La aparición de esa estampida de luz inmóvil en la cabeza del dragón gigante provocó que el cielo resonara con suspiros. Los poderosos seres espirituales mostraron expresiones de decepción.
—¡Maldita sea!
El rostro de Gu Yuan se volvió igualmente feo. Apretando los dientes, apareció frente al misterioso hombre y con un golpe de su manga, alejó a Ziyuán e Inflamia. Mirándolo con una expresión ligeramente irritada, dijo:
—¡Eres un asesino! ¿No te parece demasiado?
A pesar de las palabras de Gu Yuan, el misterioso hombre pareció no escuchar nada y su mirada se fijó en el dragón gigante que rodeaba a Inflamia. En la presencia del dragón, sintió una sangre extremadamente familiar.
Era un linaje igual de antiguo, solo su único hijo podría poseerla en todo este mundo.
—¡Hijo!
Los ojos dorados y llenos de crueldad e autoridad del misterioso hombre se volvieron tiernos en el instante. Su corazón palpitaba con fuerza por primera vez en siglos. Mirándolo a Ziyuán, murmuró:
—¡Es hijo mío!
Gu Yuan frunció el ceño al ver esa expresión y preguntó:
—¿Quién es tu hijo?
El dragón gigante se redujo rápidamente, finalmente convirtiéndose en una mujer con largos cabellos violetas y curvas. Mirando al misterioso hombre con ira, acunando a Inflamia, dijo:
—¿Estás bien?
Inflamia secó la sangre de su labio con un suspiro:
—Sí, ¿por qué viniste?
Inflamia se toca la comisura del labio y mira a Ziyuán:
—Fue tan grande, no me avisaste que lo harías…

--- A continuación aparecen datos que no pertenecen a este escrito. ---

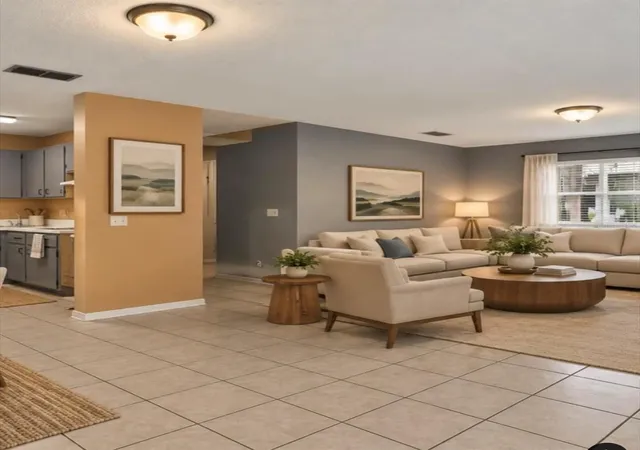 Photo 3 of Single family home for sale at 902 Talladega St, Leesburg, FL 34748 | MLS# G5118080 | Listing updated on 2026-10-02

Inflamia recriminó. Inflamia sabía que era un asunto grande, el envolver a la raza de los Dragones Eternos en ello podría traer consecuencias peligrosas.
—El carácter de los seres espirituales es así, si obtienen el Nido del Emperador Antiguo, ningún poder de este continente podrá permanecer fuera del asunto. — Ziyuán sonrió amargamente y miró al misterioso hombre con una reverencia.
—¡Oh, qué desfachatez! — Los ancianos de la raza de los Dragones Eternos se enfurecieron ante esas palabras y pensaron que el hombre quería aprovecharse de su situación.
La reacción de los ancianos dejó al misterioso hombre confundido, pero pronto comprendió la ironía de la situación. Los viejos y escasos ancianos de la raza de los Dragones Eternos estaban sorprendidos por esa actitud. En el frente, el Anciano del Clan Dracónico más antiguo, conocido como el Anciano Candelabro, miraba al misterioso hombre con cierta confusión.
—Hemos raro tiempo sin un Dragón Real en la Raza Eterna y yo soy el actual Dragón Real. — Ziyuán frunció el ceño y dijo fríamente.
El misterioso hombre se quedó aturdido, sonriendo nerviosamente mientras asentía:
—Tienes razón, eres digna de ser la Dragón Real.
La actitud del misterioso hombre confundió a todos, incluyendo Ziyuán y Inflamia.